How to complete this task
From the records below, output exactly the lines starting at the line with "PGC-S-Weigela-florida-Minuet-08" and ending at the line with "Dinosaur Fossil Snapper With Sound (1 PC)", both of them included, but no pictures.

Input material
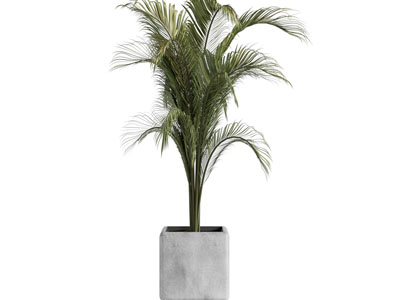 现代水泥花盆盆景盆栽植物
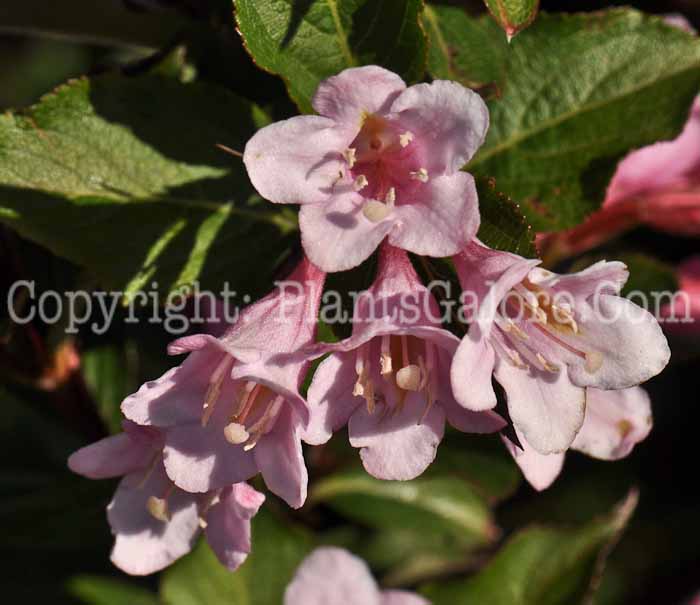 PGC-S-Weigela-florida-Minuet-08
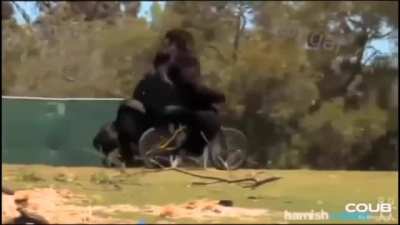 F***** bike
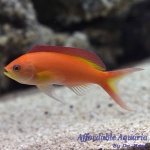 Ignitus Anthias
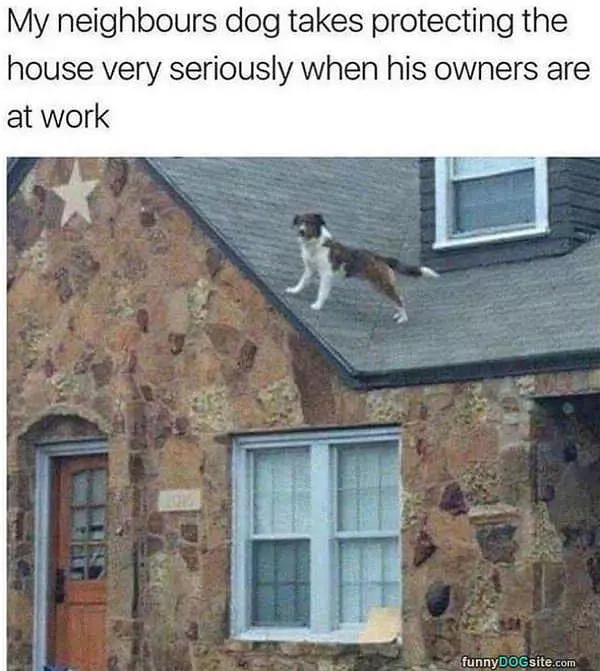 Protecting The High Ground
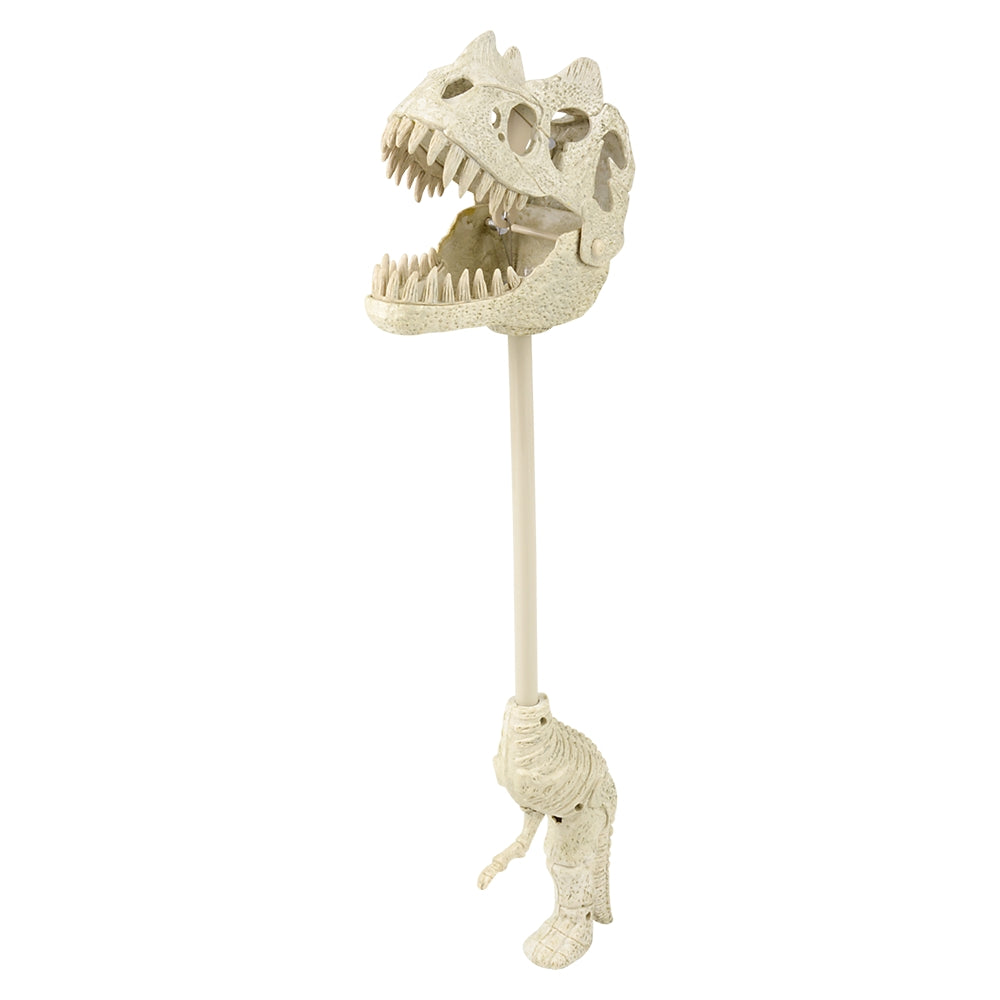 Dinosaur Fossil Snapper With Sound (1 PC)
--
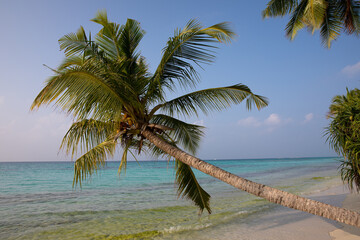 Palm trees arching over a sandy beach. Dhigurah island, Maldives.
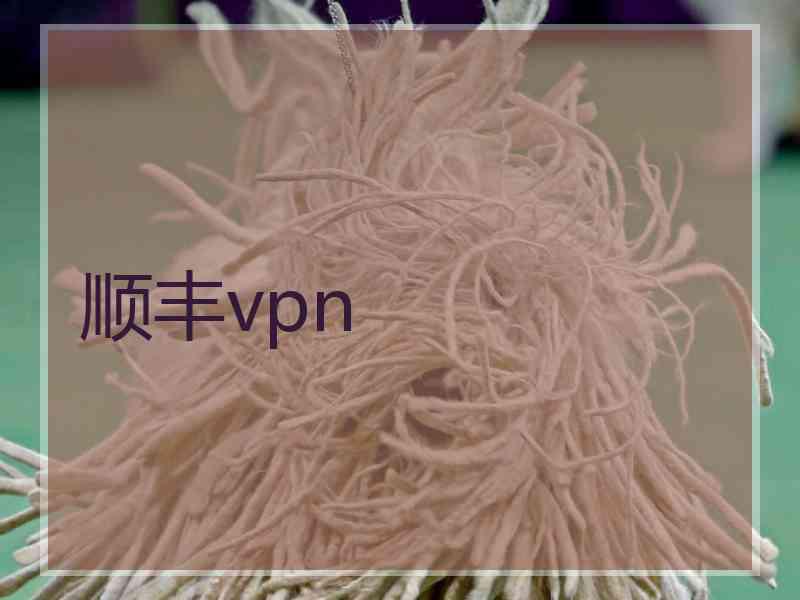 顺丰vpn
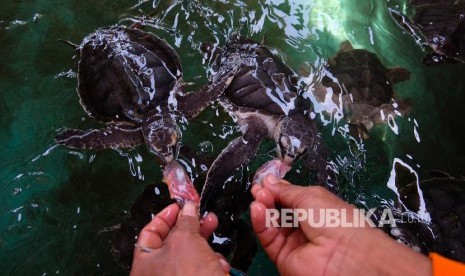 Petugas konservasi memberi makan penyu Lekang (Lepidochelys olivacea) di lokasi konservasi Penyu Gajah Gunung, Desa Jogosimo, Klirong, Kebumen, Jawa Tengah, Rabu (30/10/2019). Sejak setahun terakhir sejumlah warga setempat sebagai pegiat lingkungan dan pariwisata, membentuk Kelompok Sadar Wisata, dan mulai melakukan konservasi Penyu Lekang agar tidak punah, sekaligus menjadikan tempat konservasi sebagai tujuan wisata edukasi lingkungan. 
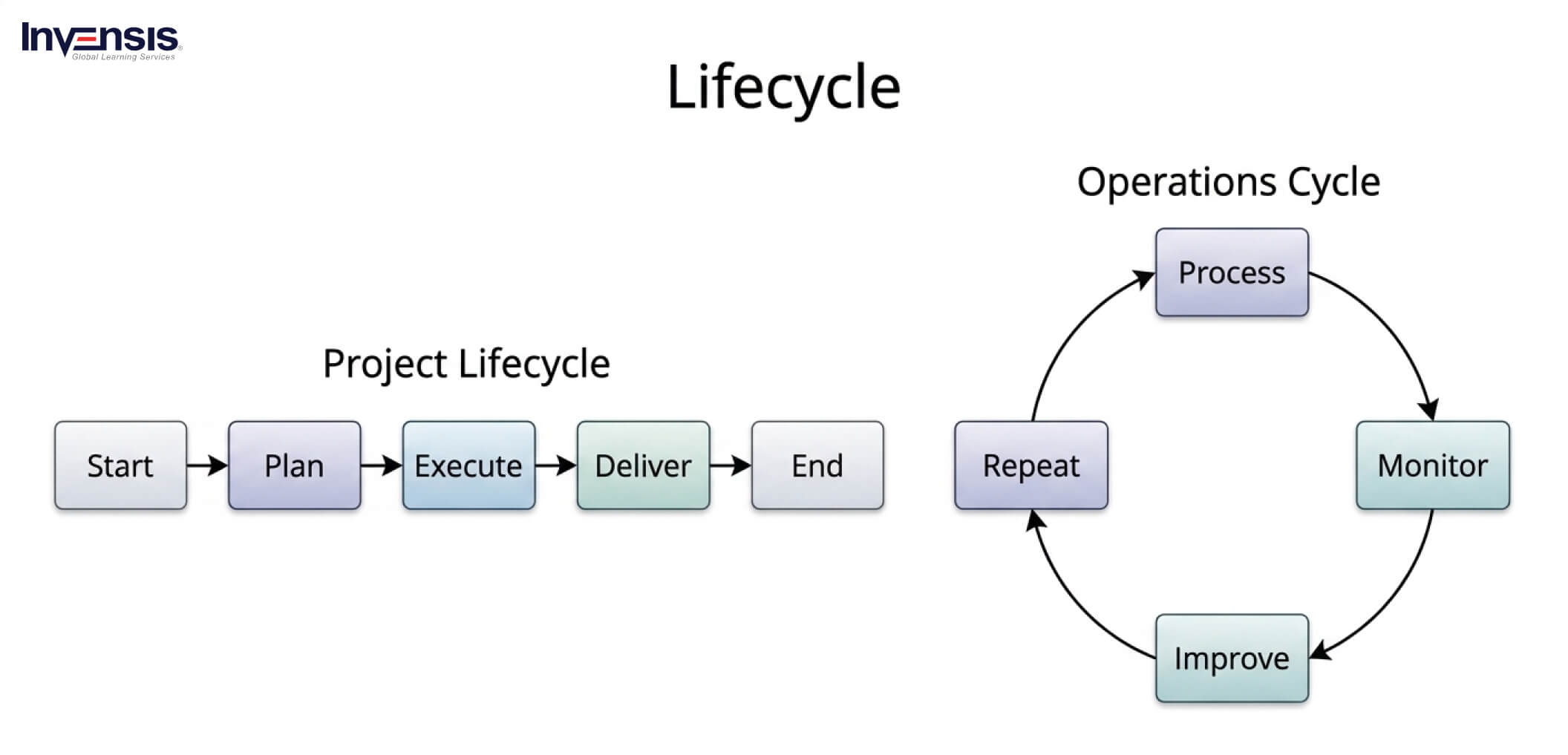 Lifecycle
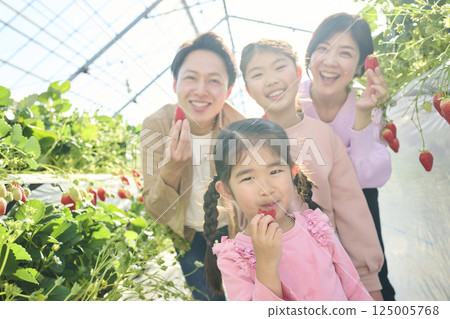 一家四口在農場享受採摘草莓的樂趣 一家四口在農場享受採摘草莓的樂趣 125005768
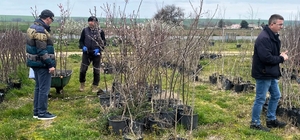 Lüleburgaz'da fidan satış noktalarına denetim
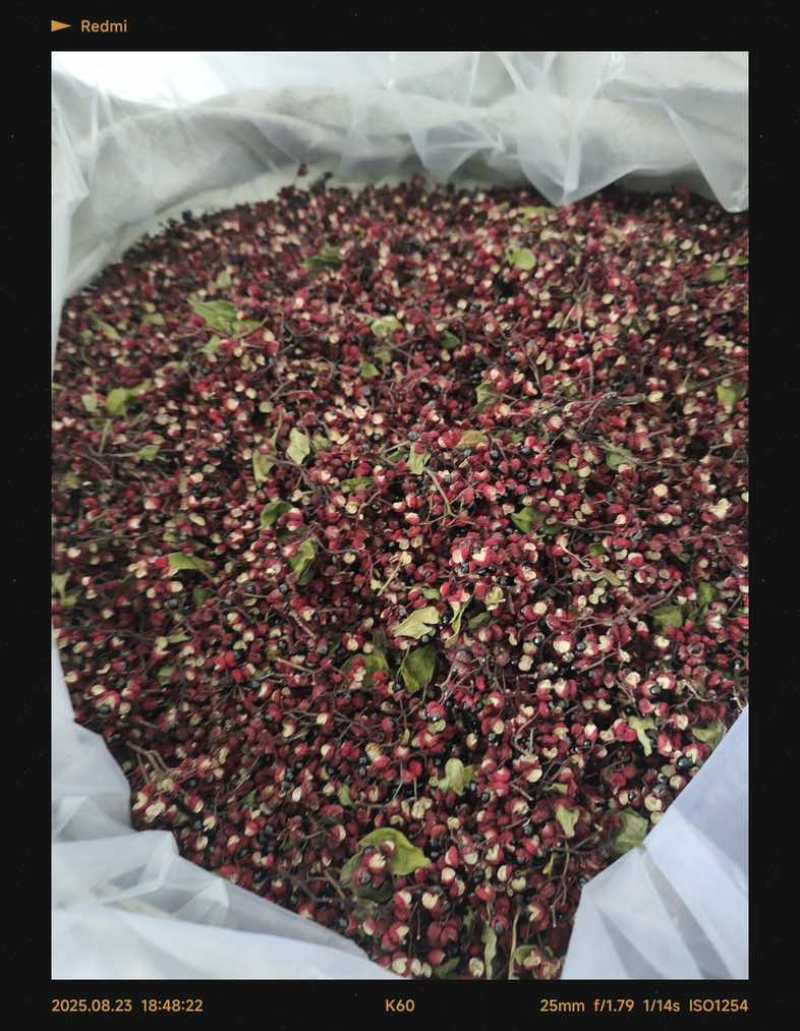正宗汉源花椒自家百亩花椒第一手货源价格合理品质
* * *
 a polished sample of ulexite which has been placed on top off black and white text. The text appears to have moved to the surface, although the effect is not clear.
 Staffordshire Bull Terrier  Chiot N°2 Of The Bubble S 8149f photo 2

Response box
 PGC-S-Weigela-florida-Minuet-08
 F***** bike
 Ignitus Anthias
 Protecting The High Ground
 Dinosaur Fossil Snapper With Sound (1 PC)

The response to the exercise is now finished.